• Work to be completed:
Set the data down exactly as it stands, and keep its pictures out.

Start of Data section

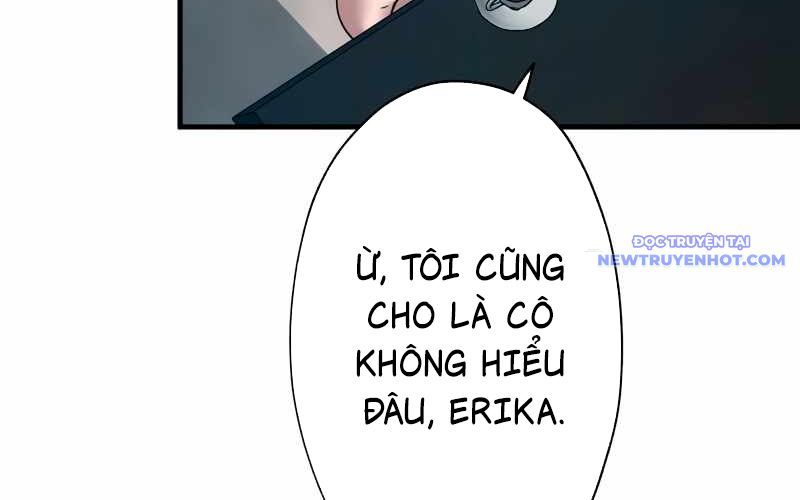 Kẻ Báo Thù Hoàn Hảo Chapter 1 - Trang 2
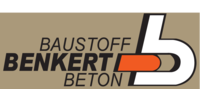 Kundenlogo Benkert GmbH & Co. KG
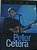 DVD - PETER CETERA AND AMY GRANT: THE NEXT TIME I FALL - Imagem 1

End of Data section

• Exercise output:
 Kẻ Báo Thù Hoàn Hảo Chapter 1 - Trang 2
 Kundenlogo Benkert GmbH & Co. KG
 DVD - PETER CETERA AND AMY GRANT: THE NEXT TIME I FALL - Imagem 1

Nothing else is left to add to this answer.